For datasets too large to fit in memory, process in chunks:

# Get list of unique dates
info = folio.get_table_info('huge_dataset')
# Assume we know the date range: 2020-01-01 to 2024-12-31

from datetime import datetime, timedelta
import pandas as pd

results = []
start_date = datetime(2020, 1, 1)
end_date = datetime(2024, 12, 31)
current_date = start_date

while current_date < end_date:
    next_date = current_date + timedelta(days=30)

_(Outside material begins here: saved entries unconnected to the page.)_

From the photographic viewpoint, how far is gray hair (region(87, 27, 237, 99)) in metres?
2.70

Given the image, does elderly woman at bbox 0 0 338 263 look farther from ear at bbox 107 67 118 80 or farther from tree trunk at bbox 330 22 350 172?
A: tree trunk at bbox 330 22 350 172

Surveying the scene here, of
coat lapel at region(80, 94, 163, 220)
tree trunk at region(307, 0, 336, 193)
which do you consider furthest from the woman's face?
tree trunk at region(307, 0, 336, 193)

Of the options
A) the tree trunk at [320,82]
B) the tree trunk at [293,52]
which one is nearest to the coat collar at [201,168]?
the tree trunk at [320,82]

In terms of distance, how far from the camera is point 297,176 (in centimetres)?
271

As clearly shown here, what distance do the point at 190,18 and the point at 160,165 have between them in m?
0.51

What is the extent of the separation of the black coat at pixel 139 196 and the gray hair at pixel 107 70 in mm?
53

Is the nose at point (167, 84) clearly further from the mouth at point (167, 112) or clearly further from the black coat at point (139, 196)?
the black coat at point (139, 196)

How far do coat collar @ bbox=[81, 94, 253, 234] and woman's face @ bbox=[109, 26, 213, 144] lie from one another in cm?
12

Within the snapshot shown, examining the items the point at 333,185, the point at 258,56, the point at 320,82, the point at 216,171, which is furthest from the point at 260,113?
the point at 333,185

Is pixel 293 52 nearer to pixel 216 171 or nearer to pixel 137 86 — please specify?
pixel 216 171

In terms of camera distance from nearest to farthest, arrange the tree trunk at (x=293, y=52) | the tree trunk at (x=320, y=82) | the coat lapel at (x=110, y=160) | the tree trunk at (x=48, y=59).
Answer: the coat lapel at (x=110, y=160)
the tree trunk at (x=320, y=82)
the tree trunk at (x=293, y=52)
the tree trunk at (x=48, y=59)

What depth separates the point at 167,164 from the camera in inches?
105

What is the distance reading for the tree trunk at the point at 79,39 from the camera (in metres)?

    # Load one month at a time
    df_month = folio.get_table('huge_dataset',
        filters=[
            ('date', '>=', current_date.strftime('%Y-%m-%d')),
            ('date', '<', next_date.strftime('%Y-%m-%d'))
        ],
        engine='pyarrow')

    # Process this month
    monthly_stats = df_month.groupby('category').agg({
        'amount': ['sum', 'mean', 'count']
    })
    results.append(monthly_stats)

    current_date = next_date

# Combine results
final_results = pd.concat(results)
folio.add_table('monthly_statistics', final_results)

Pattern 2: Sample First, Analyze Later

# 1. Get a sample to develop your analysis
df_sample = folio.get_table('massive_dataset',
    filters=[('random_partition', '==', 0)],  # 1% sample
    engine='pyarrow')

# 2. Develop and test your analysis on the sample
def analyze_data(df):
    # Your analysis logic
    return df.groupby('category').agg({'value': 'mean'})

# 3. Test on sample
result_sample = analyze_data(df_sample)
print("Sample results:", result_sample)

# 4. Run on full dataset
df_full = folio.get_table('massive_dataset')
result_full = analyze_data(df_full)
folio.add_table('analysis_results', result_full)

Pattern 3: Progressive Loading

# Load increasingly detailed data as needed

# Step 1: Load summary columns for filtering
df_summary = folio.get_table('user_behavior',
    columns=['user_id', 'total_spend', 'num_purchases'])

# Step 2: Identify users of interest
high_value_users = df_summary[df_summary['total_spend'] > 10000]['user_id']

# Step 3: Load detailed data only for those users
df_detailed = folio.get_table('user_behavior',
    filters=[('user_id', 'in', high_value_users.tolist())],
    engine='pyarrow')
# All columns, but only for high-value users

Memory Optimization Tips

1. Check Available Columns First

# See what columns are available without loading data
info = folio.get_table_info('my_table')
print("Available columns:", info.get('columns', []))
print("Total rows:", info.get('num_rows'))
print("Total columns:", info.get('num_cols'))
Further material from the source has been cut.